Acres, who has served as Oneida’s P.A. announcer for football games for the better part of the past decade, usually begins about 15 minutes before kickoff by introducing the Pride of the Tribe marching band to the field and asking fans in attendance to rise for the national anthem.
So when Acres began his pregame announcements by saying that he had a “special announcement,” eyes turned expectantly towards the press box.
Saying that his comments were his own, not necessarily those of the high school, Acres explained why a pregame invocation is no longer delivered before football games at Dr. M.E. Thompson Field. Instead, Acres told the crowd, the prayer has been replaced by a moment of silence.

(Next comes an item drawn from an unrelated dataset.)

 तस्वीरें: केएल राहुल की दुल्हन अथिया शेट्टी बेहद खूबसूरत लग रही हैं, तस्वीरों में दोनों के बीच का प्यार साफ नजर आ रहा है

“What you do during that time is completely up to you,” Acres said. “If you want to say a prayer, or choose not to say a prayer, that is your constitutional right as an American. In other words, it is no one’s place to tell you that you have to say a prayer, just as it is no one’s right to say you can’t say one.”
Then, Acres added, “I would like to conclude by saying, As for me and my house, we will worship the Lord.”

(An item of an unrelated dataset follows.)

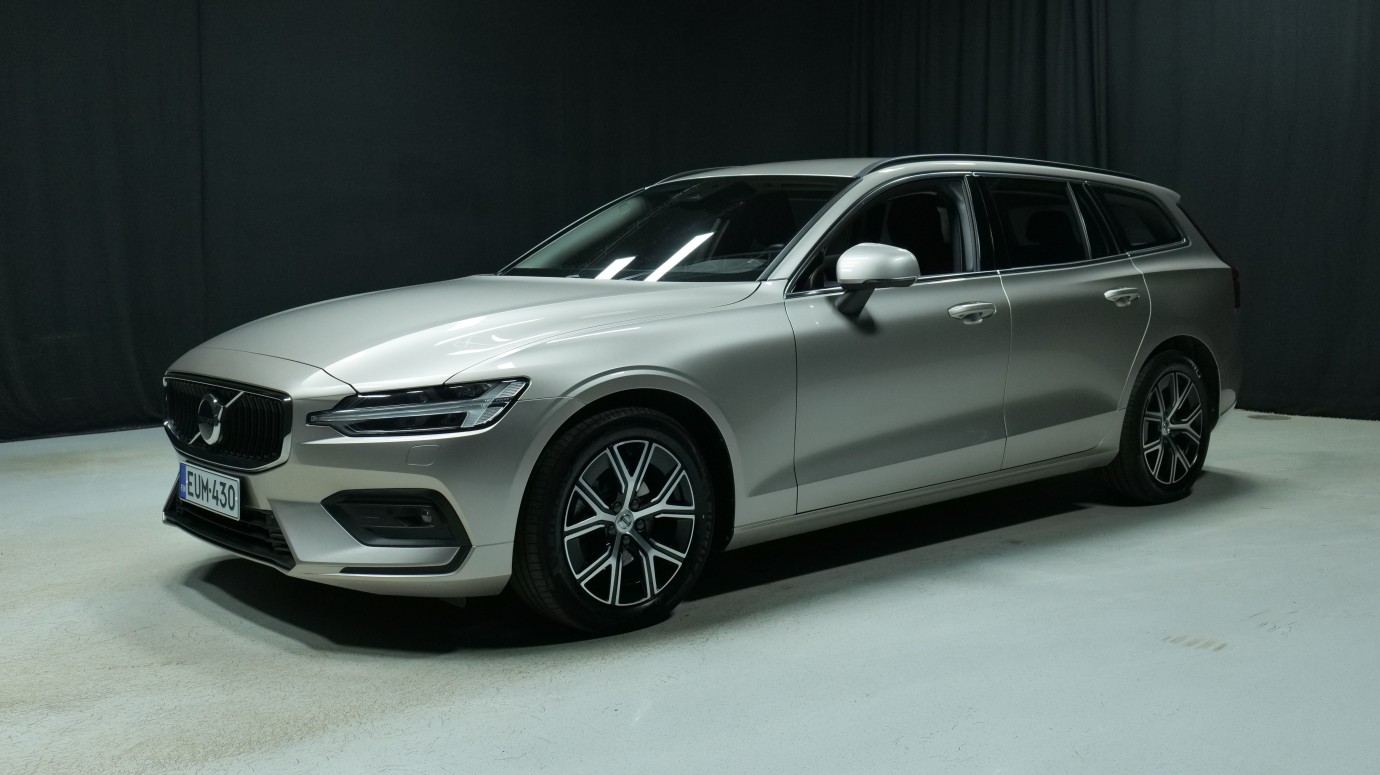 Esittelykuva Volvo V60 bensiiniautosta.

The final statement drew a roar of approval from fans on either side of Dr. M.E. Thompson Field, both the home fans wearing orange and the visiting Watertown fans wearing purple.
On the field, cheerleading squads from both schools joined hands and recited the Lord’s Prayer during the moment of silence. That effort was orchestrated by junior cheerleader Kayla King. King, the reigning Miss Scott County Fairest of the Fair, refused to accept the idea that prayers were being cut out before games and has actively lobbied school administrators for ways to bring student-led prayers back to the games.
Don’t blame the administrators at Oneida High School or the Oneida Special School District for axing the pregame prayer. Eliminating pregame prayers is a movement that has been growing for years, and it will continue to. The days when the small minority who do not recognize God would stand silently during the prayer as a show of respect to those around them with differing opinions are long gone. Embolstered by repeated opinions of the courts, that small minority has waged war against Christianity. And, at least where vocalized prayers at sporting events and other public happenings are concerned, they’re winning.
These days, when you travel across Tennessee to a high school football game, the number of high schools without a pregame prayer are nearly as large in number as the number of high schools with a pregame prayer. Too soon, the number of high schools still offering a pregame invocation will be an endangered species. The University of Tennessee has managed to hang on to its tradition of a pregame invocation at Neyland Stadium by offering a strictly non-denominational approach, but that, too, seems to be in jeopardy.
Like the schools before it, OHS had little choice but to comply when a bullying anti-Christian organization fixed its sights on the Oneida Special School District. To continue pregame prayers would have been to fight a battle that the school could not win. The school district is strapped for cash; it can hardly afford a legal battle — especially one it is absolutely certain to lose. That’s why organizations such as the Wisconsin-based Freedom From Religion Foundation target small schools in the first place.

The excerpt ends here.